Soda taxes turn out to be very effective at curbing soda drinking

By Adele Peters

Months after the city of Berkeley, California, passed a soda tax in 2014, consumption of sugar-filled drinks–from Coke and Pepsi to energy drinks and sweetened coffee or tea–dropped 21%. Three years later, it dropped even more: Residents report drinking 52% fewer sugary drinks than they did before the tax passed.

The study, published in the American Journal of Public Health today, is the first to look at the long-term impacts of a soda tax. Researchers polled 2,500 people about their sugary drink habits each year in Berkeley and in nearby Oakland and San Francisco. The other cities, which passed taxes later, helped researchers compare the effects of the tax to overall changes in diets; in Oakland and San Francisco, people drank more soda and other sweet drinks.

California is now considering several statewide soda bills, including one that would ban Big Gulp-style drinks and another that would ban soda displays near checkout counters. The bills come a year after the soda industry essentially extorted state lawmakers into banning cities from enacting more local soda taxes; Coca-Cola, Pepsi, and others funded an initiative that would have made it difficult for cities to raise any taxes at all via ballot measures, and then withdrew it from the statewide ballot only when lawmakers agreed to ban city soda taxes. The new study, though, could help provide evidence for a statewide tax.

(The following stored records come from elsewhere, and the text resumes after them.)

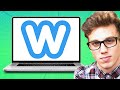 Make a FREE Website with Weebly | Weebly Tutorial 2021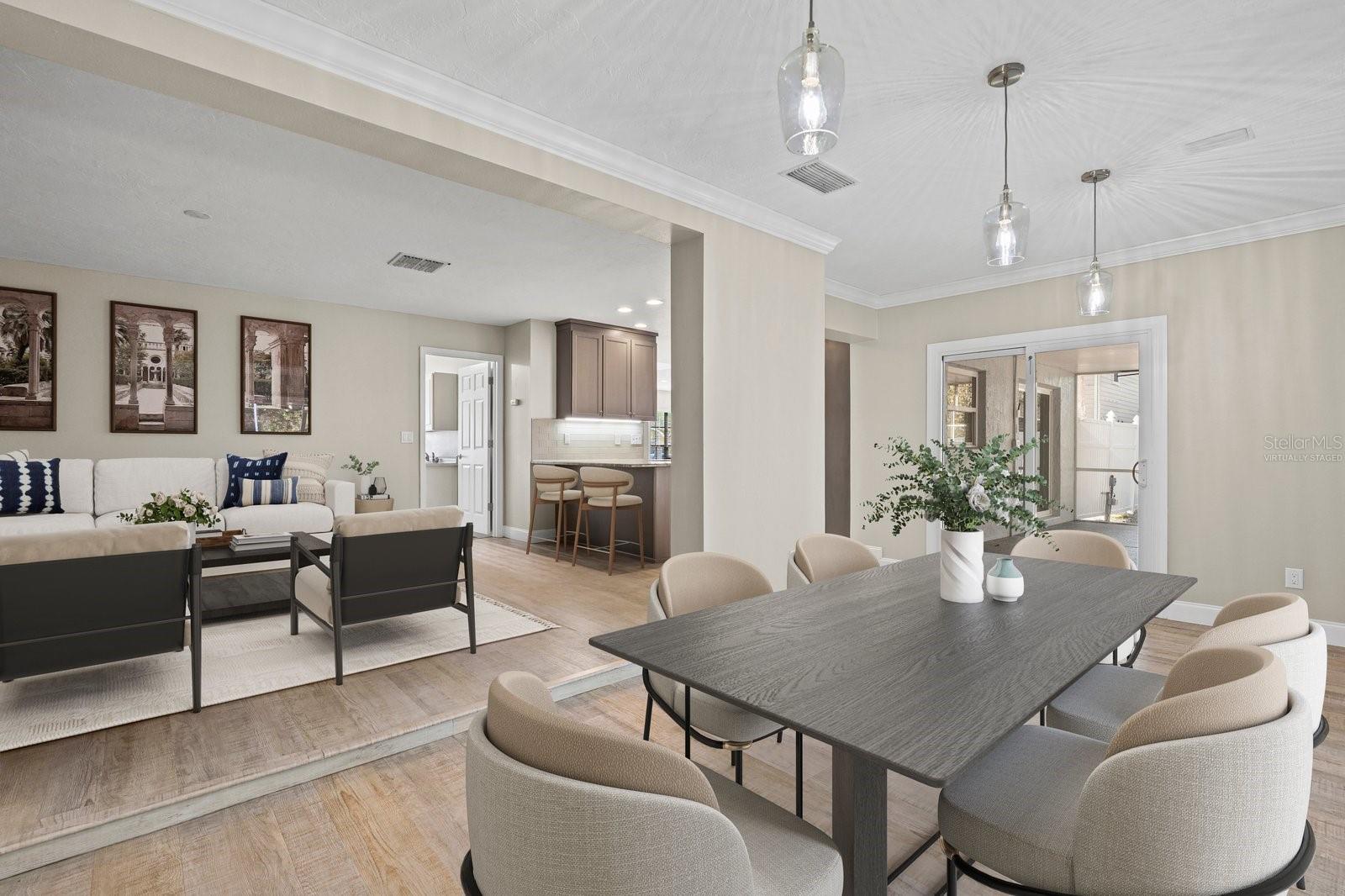 Image 15 of 55 For 702 133rd Street E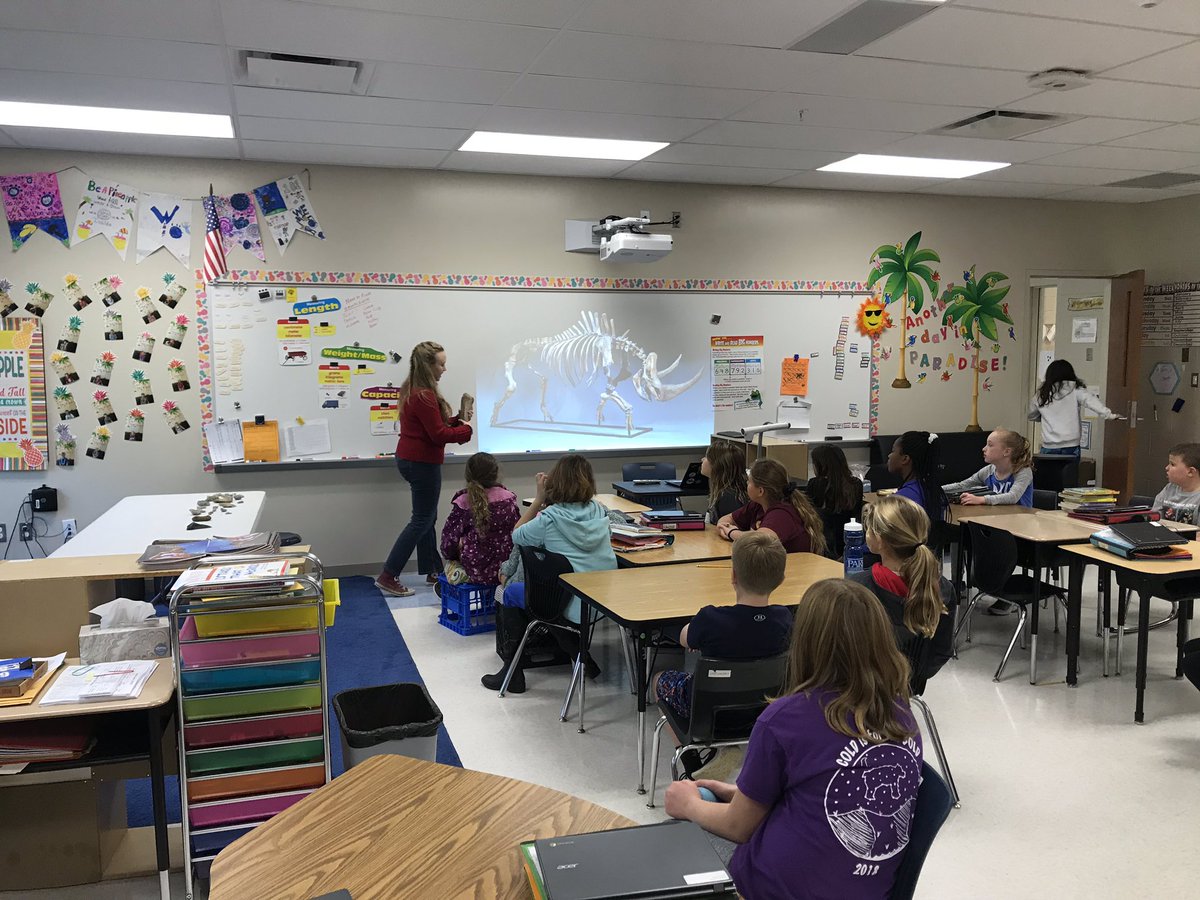 Jamie Fulmer tweet media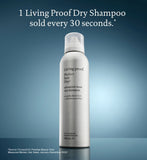 Living Proof dry shampoo 198ml - British product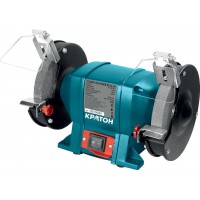 Станок заточной Кратон BG 14-02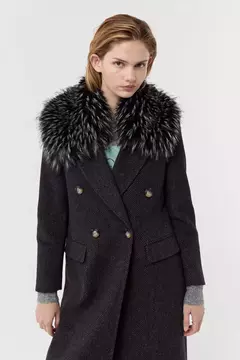 TAPADO SOPHIE (GINEBRA) - tienda online
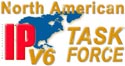 Logo-ipv6forum-org-uk.jpg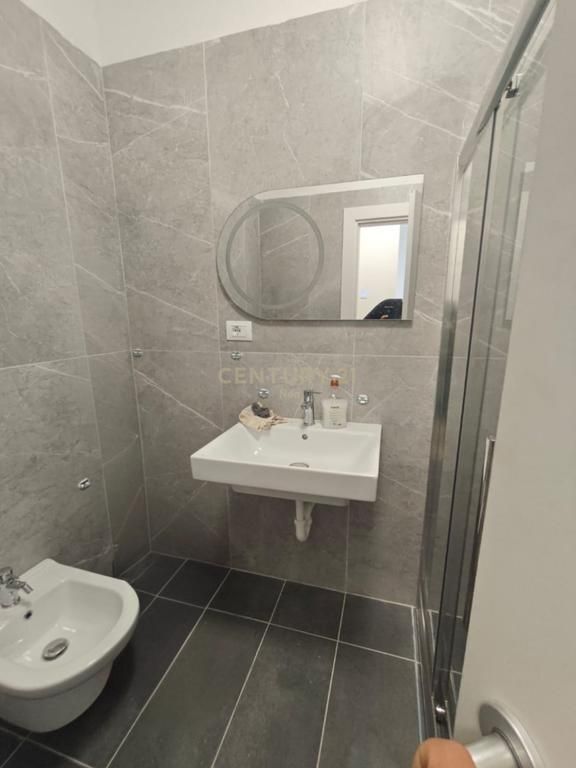 🏡 Appartamento 1+1 in Affitto a Univers City ✨ Nea143021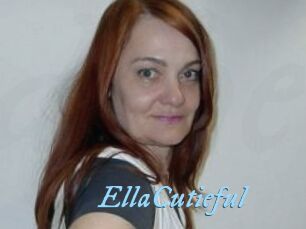 EllaCutieful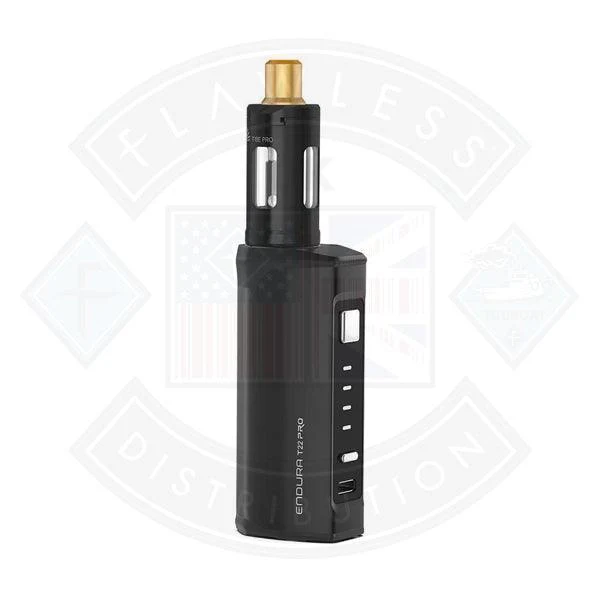 Innokin Endura T22 Pro Kit - Image 5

It could also help convince cities and countries elsewhere to pass similar laws. “What’s really interesting is the United States is actually pretty far behind,” says Kristine Madsen, faculty director of the Berkeley Food Institute in UC Berkeley’s School of Public Health and senior author of the new study. “Britain has a tax now, Ireland has a tax, Australia has a tax, many Middle Eastern countries now have a tax, some as high as 100%–they’re doubling the price of sugar-sweetened beverages. They all see the link between the health of their economy and the health of their population and recognize that obesity is killing their people and they need to do something about it. And they’ve been far more proactive than we have.”

One large part of the challenge is the strength of the beverage industry. “They’re really a powerful force,” says Madsen. “Pepsi and Coke alone spend over $3 billion each annually on advertising. I’m a pediatrician. How do I possibly counsel patients as effectively as the really slick advertising they see everywhere?”